# TASK DETAILS
In the listing below, find the line with "TETOTE 20 x" and copy every line from there up to and including the line with "imageKwikset Halo Touch", exactly and without pictures.

[LISTED ENTRIES — start]

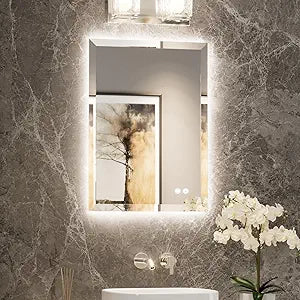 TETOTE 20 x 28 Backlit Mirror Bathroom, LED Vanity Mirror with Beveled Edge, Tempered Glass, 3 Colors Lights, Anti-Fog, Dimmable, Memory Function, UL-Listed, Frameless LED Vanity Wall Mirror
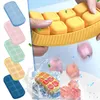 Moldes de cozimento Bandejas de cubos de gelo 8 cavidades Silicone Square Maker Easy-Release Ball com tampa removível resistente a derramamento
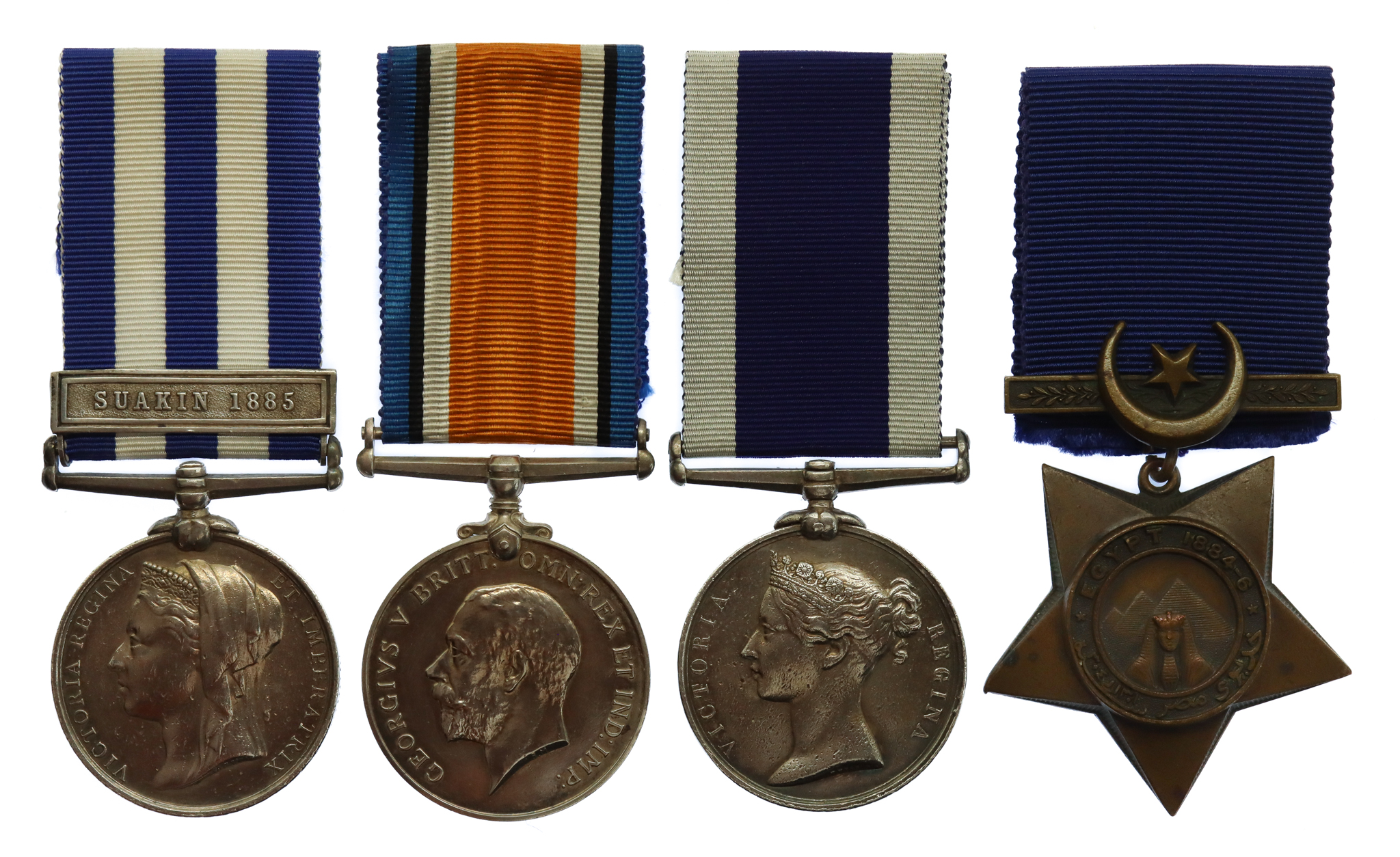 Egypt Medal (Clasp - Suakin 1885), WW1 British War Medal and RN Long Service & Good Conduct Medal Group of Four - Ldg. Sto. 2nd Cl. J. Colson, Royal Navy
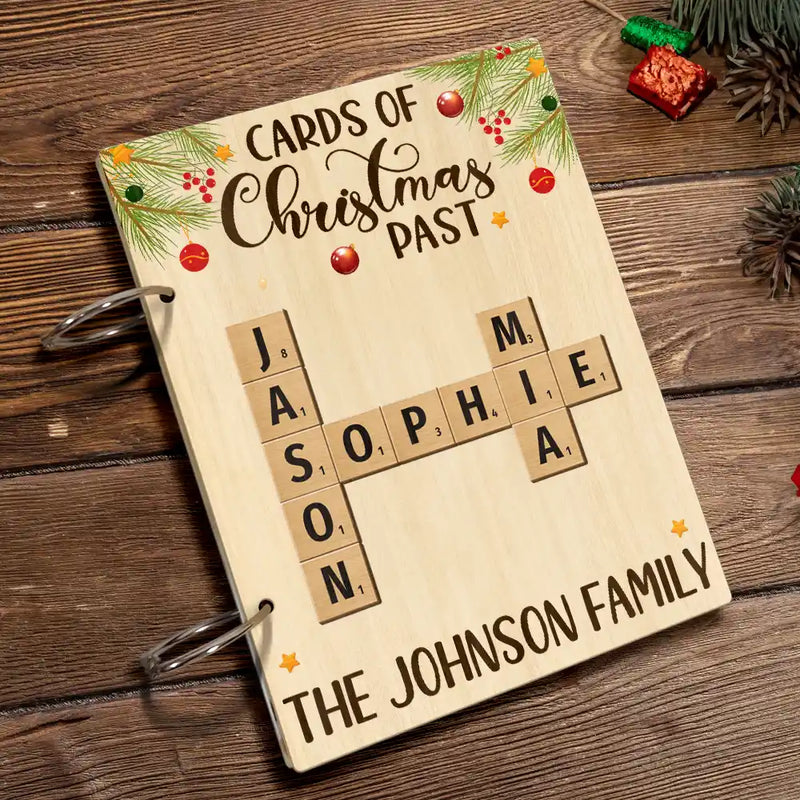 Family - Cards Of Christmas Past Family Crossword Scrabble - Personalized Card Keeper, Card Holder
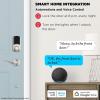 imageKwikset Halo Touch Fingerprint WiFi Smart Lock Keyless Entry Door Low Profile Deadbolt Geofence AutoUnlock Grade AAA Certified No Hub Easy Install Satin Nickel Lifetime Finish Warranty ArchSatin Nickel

[LISTED ENTRIES — finish]
[LISTED ENTRIES — start]

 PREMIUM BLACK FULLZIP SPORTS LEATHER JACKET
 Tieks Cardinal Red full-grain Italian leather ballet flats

[LISTED ENTRIES — finish]

# THE COMPLETED TASK
 TETOTE 20 x 28 Backlit Mirror Bathroom, LED Vanity Mirror with Beveled Edge, Tempered Glass, 3 Colors Lights, Anti-Fog, Dimmable, Memory Function, UL-Listed, Frameless LED Vanity Wall Mirror
 Moldes de cozimento Bandejas de cubos de gelo 8 cavidades Silicone Square Maker Easy-Release Ball com tampa removível resistente a derramamento
 Egypt Medal (Clasp - Suakin 1885), WW1 British War Medal and RN Long Service & Good Conduct Medal Group of Four - Ldg. Sto. 2nd Cl. J. Colson, Royal Navy
 Family - Cards Of Christmas Past Family Crossword Scrabble - Personalized Card Keeper, Card Holder
 imageKwikset Halo Touch Fingerprint WiFi Smart Lock Keyless Entry Door Low Profile Deadbolt Geofence AutoUnlock Grade AAA Certified No Hub Easy Install Satin Nickel Lifetime Finish Warranty ArchSatin Nickel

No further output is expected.